According to a former tobacco industry scientist, consumers rejected a reduced risk cigarette that R.J. Reynolds spent $ 1 billion creating.
The Premier brand, which heated tobacco instead of burning it, yielded more than 90 percent fewer harmful chemicals than a conventional cigarette because of the difference in the chemical reaction, said William Farone, a former researcher for Reynolds competitor Philip Morris. Premier had less than a half percent of the market share. Reynolds also did biological testing of the Premier and compared it to a commercially available ultra-low brand, a move for which Farone praised Reynolds. Farone, who worked for Philip Morris from 1976 until he was fired for insubordination in 1984, testified for a second day today in a class-action lawsuit filed by some 250,000 healthy West Virginia smokers. The smokers are suing Philip Morris, R.J. Reynolds, Brown & Williamson and Lorillard for a health-screening program they say they deserve because the cigarette makers manufactured a defective product. The class consists of people who have smoked the equivalent of a pack a day for at least five years, but who are not yet sick. They want tests they say could lead to earlier diagnosis of the lung-related ailments they may develop.

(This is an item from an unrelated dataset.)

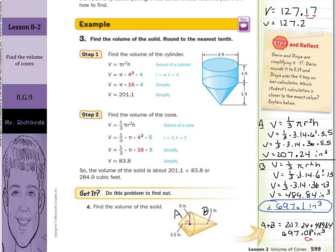And that is it for this lesson on volumes of cones. Good luck!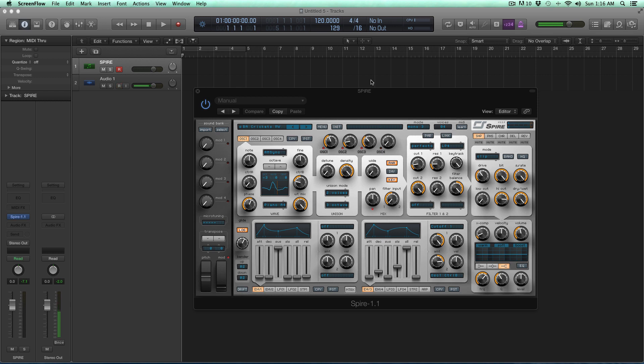When I get a new synth or if it's a synth that I don't understand yet or haven't really used a lot, there's certain things that I will do so I start to understand how to use that synthesizer.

Tobacco companies contend cigarettes are inherently risky but not defective. The companies also say smokers have long known the risks, and diagnostic tests would not change the outcome of lung cancer, emphysema or other chronic obstructive lung disorders. Under cross examination by Reynolds attorney Jeff Furr, Farone agreed the company has devoted enormous financial resources and talent to its attempts to develop a safer cigarette. The Premier was as close the industry has come, Farone said. "It still had carcinogens but it was a big step in the right direction," he said. After the failure of Premier, Reynolds tried again with a cigarette called Eclipse, which is now being sold on the Internet and test-marketed in cities across the country. Eclipse contains a small amount of tobacco that is burned, so Farone characterized it as a small step backward. He said, however, that biological tests Reynolds conducted found the Eclipse has far lower levels of harmful chemicals than current mainstream brands. Farone also said it is clear that R.J. Reynolds, Brown & Williamson and Lorillard each to some extent has defied a so-called gentleman's agreement in which tobacco companies vowed not to compete against each other on the grounds of cigarette safety.
Under that agreement, tobacco companies had pledged to do no biological testing in the United States on finished products sold to consumers. However, industry documents a lawyer showed Farone made clear that companies were on at least some occasions ignoring that part of the pact. Farone testified Tuesday that Philip Morris and three other companies failed to perform biological tests on finished products. Without such testing, the companies cannot say whether reduced tar levels or other changes in formula and design have made their products any safer, he said.
Although no cigarette is risk-free, Farone said there are dozens of ways to alter its design and content. While at Philip Morris, Farone said he developed a variety of projects that could have led to development of a safer cigarette, including changes in tobacco farming and curing practices, the use of synthetic filler to replace tobacco and genetic modification of tobacco. The company rejected them all, he said.
Ideally, Farone testified, a safer cigarette would have virtually no tar, and the companies would increase nicotine levels so it continued to satisfy smokers. Philip Morris made a very low-tar cigarette in 1980, the Cambridge, but the company did not raise the nicotine levels. Consumers rejected it. "When tar delivery got so low, the manufacturers should have added nicotine to encourage people to use the low-tar product," he said. "I think it's a very logical and plausible thing to do." Although there are more efficient ways to deliver nicotine than smoking, Farone said the industry shied away from doing anything that would risk putting their operations under the regulation of the Food and Drug Administration.